Parts of this book worked so well. I loved the diverse cast of characters and liked how well-rounded they felt for a book that takes place over just a handful of days. The slow escalation of suffocation from being trapped in a small room in a small town felt tangible. Part of this dread came from the inclusion of real photographs taken by the author interspersed throughout—fitting, since one of the characters is a photographer. I thought it was a wonderful way to convey how things were just a little off even as they weren’t yet noticed by the characters. I think the atmospheric set-up and the use of the haunting of the room as a metaphor for grief are the strongest parts of the book and deeply engrossing.
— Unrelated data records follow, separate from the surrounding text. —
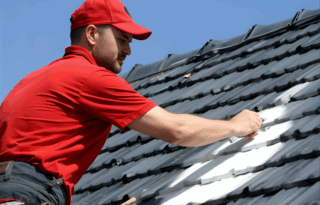home-page-roof-painting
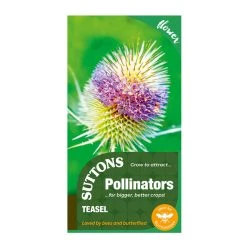Suttons Seeds Suttons P & P Teasel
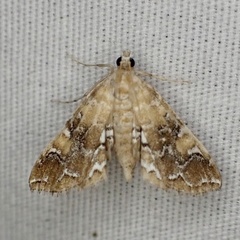 Elophila nebulosalis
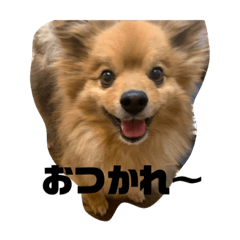 [LINEスタンプ] もこやまスタンプ1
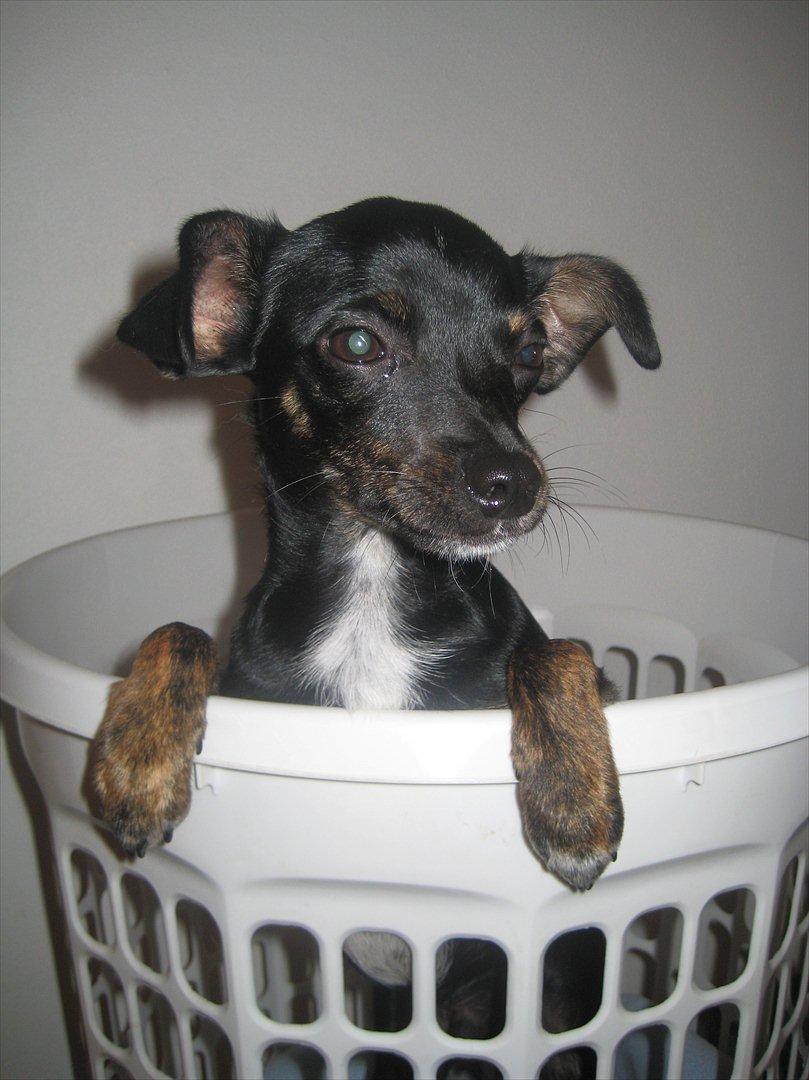 Blanding af racer Kenzo billede 3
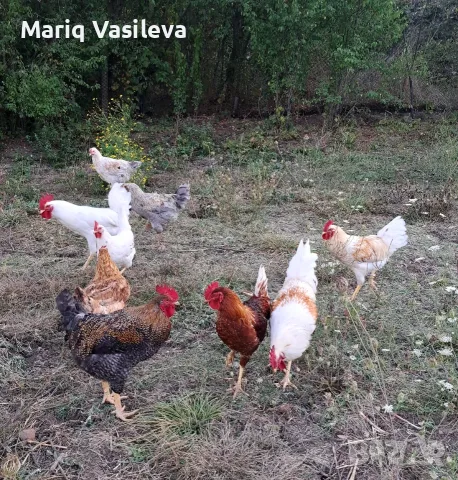 Продавам петли !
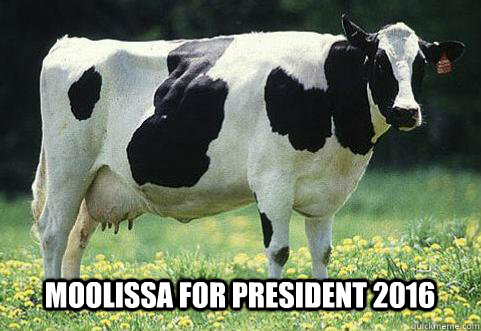 moolissa for president 2016 -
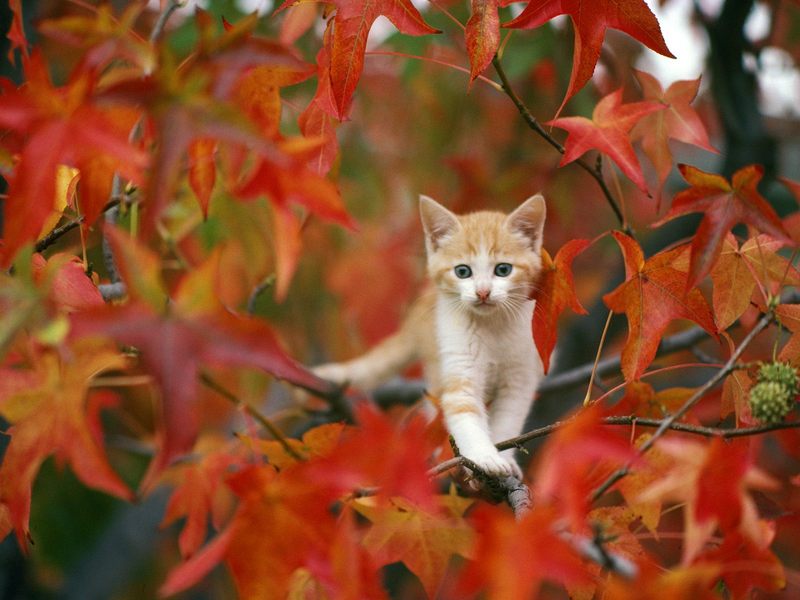 Autumn Tabby.jpg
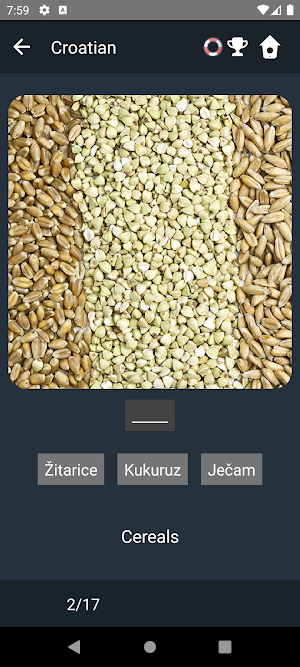 Croatian Language Tests Screenshot 3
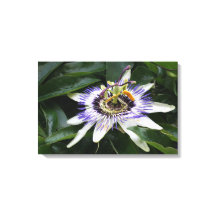 Passiflora - Blumenfotografie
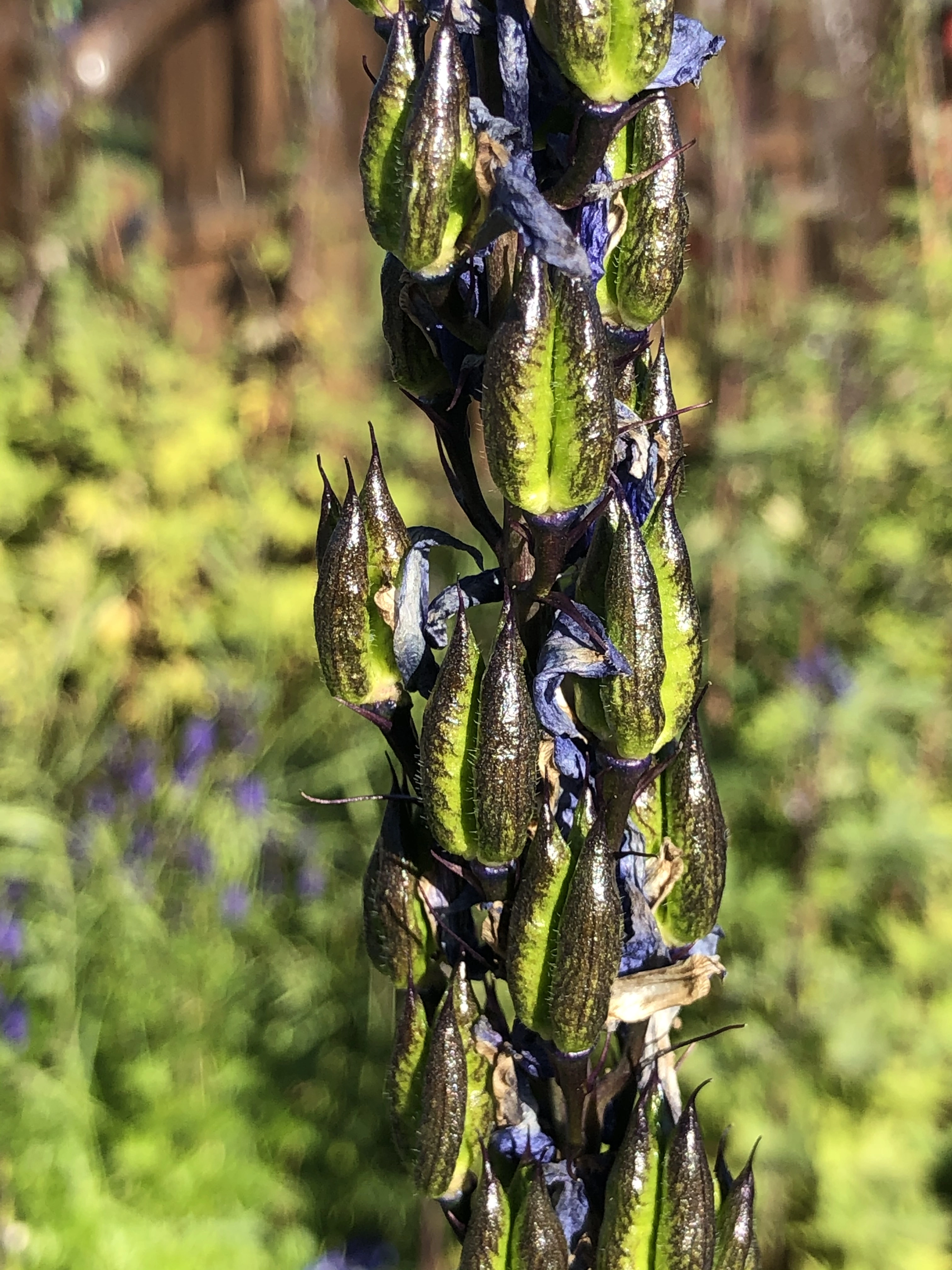 : Delphinium elatum.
That said, for a YA horror this book moved a lot slower than I expected. It alternates between three perspectives: Layla, Mira, and the room itself. The result is that the four days spent with these characters takes its sweet time. I found it difficult to keep switching between the Mira and Layla perspectives because tonally they sounded so alike. It also meant that sometimes the same event is described twice over in a way that became a little repetitive. I was caught by surprise when the ending picked up so quickly considering how much it lingered in the set-up and was left a bit unsatisfied by the resolution. I think that if readers go in knowing that this is not going to be an action-packed horror, they’ll have a better time. For those looking to linger for a bit in an atmospheric creepy book exploring grief, I think it’s worth a read.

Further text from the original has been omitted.